It fills my heart with sunshine and happiness to be back in Vietnam with the Owl Centre’s charity team delivering the third year of our three year training programme to special needs teachers in partnership with Saigon Children’s charity. This year’s team comprises of; Sherri Williams (Autism Advisory teacher), Savannah Harder (OT), Dr Mandy Rose (Community Paediatrician), Dr Vicki Wolfe (Educational Psychologist), Gill Wade (Play Therapist), Catherine Henderson (OT) and me, Nicola Lathey (SLT). Each and every one very strong clinically and very passionate professionally, which I love. Similarly, our 21 students, have been exceptionally committed and enthusiastic learners who are a joy to work with.  

The training takes place at the National college of teacher training in Saigon which is a busy place, with hundreds of staff and students, a handful of old friends of mine, and a million and one motor bikes!  This year we arrived in monsoon season, and the heavens opened on a daily basis which was a much needed refresh from the tropical heat. Here’s the college, the motorbikes and the rain…

The National Teacher Training College HCMC in the rain!

The first week went well with the highlights being Vicki’s co-morbid diagnoses session, Mandy’s introduction to safeguarding, and a parent session for parents of children with autism. 

Safeguarding is a relatively new concept to so many of our students, and with no multi agency working and no real protocol for what to do, it’s not easy. So hopefully our students will take what they’ve learnt back to the schools in their own localities and begin to plant the seeds to ensure that we can look after our most vulnerable Vietnamese children.
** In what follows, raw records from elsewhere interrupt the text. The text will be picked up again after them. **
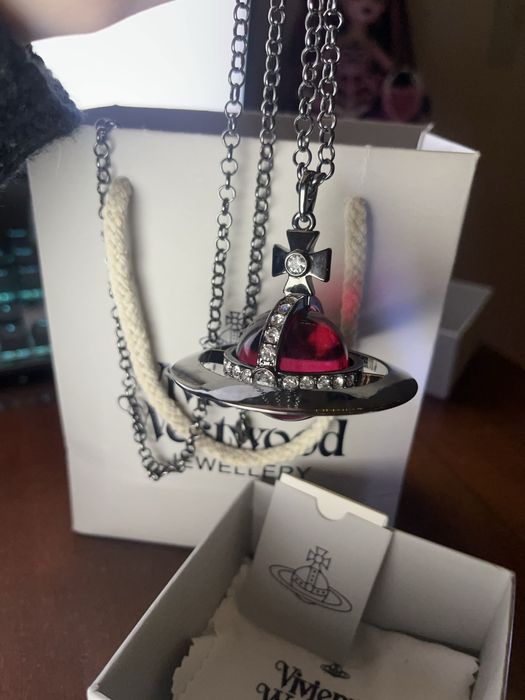 vivenne westwood 30mm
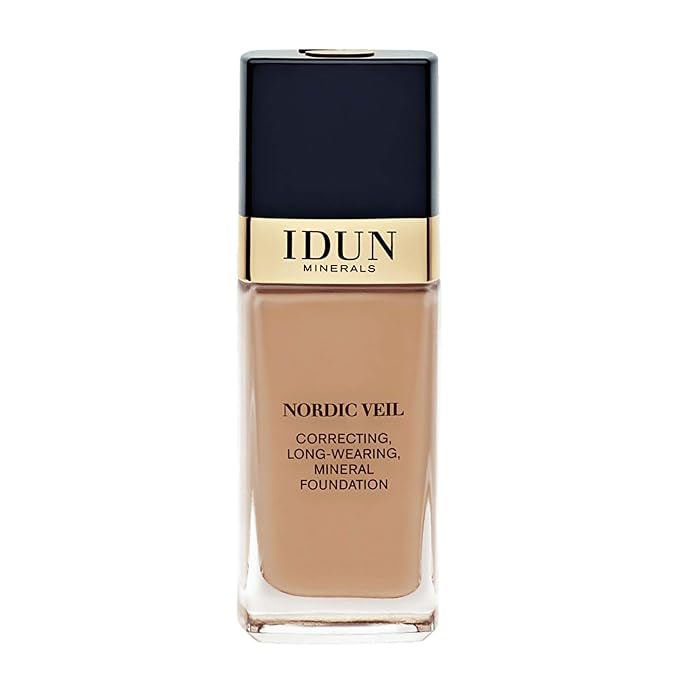 Warm Medium Dark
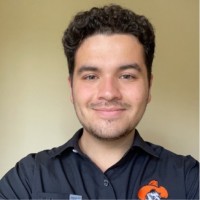 Tyler Martinez's profile photo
The parent session was insightful and emotional, with the Owl Centre’s team members shedding a few tears about how hard things are over here for children with autism and their families. In fact, one of our trainers was known as ‘The Crying Lady’ from this point onwards. This valuable session inspired a whole new training session about parent and teachers’ well-being with the mantra being, ‘You can’t pour water into a broken cup’ and ‘It takes a whole village to raise a child and a community to support their parents’.  Discussions about overloaded teachers and isolated parents ensued, and Saigon Children’s Charity pledged to set up further meetings about future areas of need, this being a big priority.

The second week focussed on sensory skills and sensory circuits. The students got stuck in and created their own sensory circuits. They were asked to role play being the child with autism which gave an opportunity for playful creativity and many opportunities to see our trainees take the lead in designing intervention packages.
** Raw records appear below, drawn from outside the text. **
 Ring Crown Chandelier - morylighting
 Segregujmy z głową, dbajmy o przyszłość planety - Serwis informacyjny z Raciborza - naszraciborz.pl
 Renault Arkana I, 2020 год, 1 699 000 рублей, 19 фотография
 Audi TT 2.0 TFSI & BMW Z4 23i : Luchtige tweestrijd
A much needed daily lunch time snooze with the students.

The students also practised fine motor skills interventions and created very arty Owls from the skills they had learnt.

Home-made owls for The Owl Centre

Gill’s play therapy session provided huge insight into the importance of play and free play, rather than adult directed play for children with Tự kỷ (autism in Vietnamese). 

To sum up the training, everything has been so well received, with such attentive, curious, and engaged learners. We are confident that they will now take the information they have learnt back to their work places and disseminate it to their colleagues with skill, enthusiasm and confidence which will fundimentally have a great impact on the children.

As an aside, in between our lectures and after the working day was over, our training team, most of whom were experiencing Vietnam and its delights for the fist time, have fallen in love with this crazy, vibrant city. 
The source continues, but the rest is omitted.